## WHAT IS BEING ASKED:
Transcribe, word for word and without additions, each line below from the one containing "国産黒毛牛・牛たん全4種、五" through the one containing "Электрический ток в", both ends included.

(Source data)
########################################

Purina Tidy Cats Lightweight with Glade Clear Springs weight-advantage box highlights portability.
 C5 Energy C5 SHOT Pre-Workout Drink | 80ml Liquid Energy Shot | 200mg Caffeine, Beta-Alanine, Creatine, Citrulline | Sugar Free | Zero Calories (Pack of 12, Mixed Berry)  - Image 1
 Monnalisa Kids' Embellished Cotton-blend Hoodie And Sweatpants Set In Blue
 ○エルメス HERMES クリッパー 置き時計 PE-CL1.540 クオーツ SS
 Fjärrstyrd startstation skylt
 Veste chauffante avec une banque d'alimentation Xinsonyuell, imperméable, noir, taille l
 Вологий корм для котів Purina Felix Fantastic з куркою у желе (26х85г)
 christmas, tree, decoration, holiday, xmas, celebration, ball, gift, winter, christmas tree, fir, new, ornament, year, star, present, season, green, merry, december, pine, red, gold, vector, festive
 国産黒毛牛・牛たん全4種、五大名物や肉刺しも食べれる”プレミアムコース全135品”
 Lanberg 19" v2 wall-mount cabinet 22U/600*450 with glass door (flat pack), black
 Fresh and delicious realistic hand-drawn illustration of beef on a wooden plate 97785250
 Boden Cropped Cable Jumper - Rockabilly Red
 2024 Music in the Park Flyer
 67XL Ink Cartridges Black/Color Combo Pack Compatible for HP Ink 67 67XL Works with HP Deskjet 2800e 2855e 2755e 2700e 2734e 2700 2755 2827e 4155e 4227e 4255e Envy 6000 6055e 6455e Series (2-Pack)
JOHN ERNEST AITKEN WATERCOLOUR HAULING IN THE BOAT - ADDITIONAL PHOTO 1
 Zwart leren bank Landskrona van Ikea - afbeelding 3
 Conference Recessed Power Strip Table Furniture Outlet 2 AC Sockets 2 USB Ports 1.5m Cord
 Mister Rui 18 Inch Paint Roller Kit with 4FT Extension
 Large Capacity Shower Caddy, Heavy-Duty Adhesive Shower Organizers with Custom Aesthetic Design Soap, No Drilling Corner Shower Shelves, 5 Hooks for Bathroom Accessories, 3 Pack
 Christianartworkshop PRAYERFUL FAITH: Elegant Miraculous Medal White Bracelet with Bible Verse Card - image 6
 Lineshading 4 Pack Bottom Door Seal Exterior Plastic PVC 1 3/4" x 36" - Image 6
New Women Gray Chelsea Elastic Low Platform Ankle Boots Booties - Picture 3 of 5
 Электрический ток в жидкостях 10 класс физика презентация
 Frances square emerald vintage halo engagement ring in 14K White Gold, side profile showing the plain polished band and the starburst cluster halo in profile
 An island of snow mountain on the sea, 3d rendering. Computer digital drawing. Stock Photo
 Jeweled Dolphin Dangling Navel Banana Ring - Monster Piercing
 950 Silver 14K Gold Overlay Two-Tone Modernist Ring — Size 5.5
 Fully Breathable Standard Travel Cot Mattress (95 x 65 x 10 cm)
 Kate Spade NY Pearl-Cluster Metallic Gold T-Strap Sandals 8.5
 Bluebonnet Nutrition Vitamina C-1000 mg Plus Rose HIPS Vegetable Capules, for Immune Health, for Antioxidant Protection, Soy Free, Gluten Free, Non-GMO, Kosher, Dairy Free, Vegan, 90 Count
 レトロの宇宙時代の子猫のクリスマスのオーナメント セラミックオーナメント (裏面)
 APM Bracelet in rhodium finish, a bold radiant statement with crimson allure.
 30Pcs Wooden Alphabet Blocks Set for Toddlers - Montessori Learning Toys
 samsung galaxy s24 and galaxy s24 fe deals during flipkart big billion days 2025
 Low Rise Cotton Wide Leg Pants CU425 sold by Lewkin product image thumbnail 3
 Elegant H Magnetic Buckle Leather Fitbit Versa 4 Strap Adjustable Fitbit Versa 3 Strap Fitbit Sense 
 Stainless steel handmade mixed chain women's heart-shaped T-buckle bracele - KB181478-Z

########################################

## RESULT OF THIS TASK:
 国産黒毛牛・牛たん全4種、五大名物や肉刺しも食べれる”プレミアムコース全135品”
 Lanberg 19" v2 wall-mount cabinet 22U/600*450 with glass door (flat pack), black
 Fresh and delicious realistic hand-drawn illustration of beef on a wooden plate 97785250
 Boden Cropped Cable Jumper - Rockabilly Red
 2024 Music in the Park Flyer
 67XL Ink Cartridges Black/Color Combo Pack Compatible for HP Ink 67 67XL Works with HP Deskjet 2800e 2855e 2755e 2700e 2734e 2700 2755 2827e 4155e 4227e 4255e Envy 6000 6055e 6455e Series (2-Pack)
JOHN ERNEST AITKEN WATERCOLOUR HAULING IN THE BOAT - ADDITIONAL PHOTO 1
 Zwart leren bank Landskrona van Ikea - afbeelding 3
 Conference Recessed Power Strip Table Furniture Outlet 2 AC Sockets 2 USB Ports 1.5m Cord
 Mister Rui 18 Inch Paint Roller Kit with 4FT Extension
 Large Capacity Shower Caddy, Heavy-Duty Adhesive Shower Organizers with Custom Aesthetic Design Soap, No Drilling Corner Shower Shelves, 5 Hooks for Bathroom Accessories, 3 Pack
 Christianartworkshop PRAYERFUL FAITH: Elegant Miraculous Medal White Bracelet with Bible Verse Card - image 6
 Lineshading 4 Pack Bottom Door Seal Exterior Plastic PVC 1 3/4" x 36" - Image 6
New Women Gray Chelsea Elastic Low Platform Ankle Boots Booties - Picture 3 of 5
 Электрический ток в жидкостях 10 класс физика презентация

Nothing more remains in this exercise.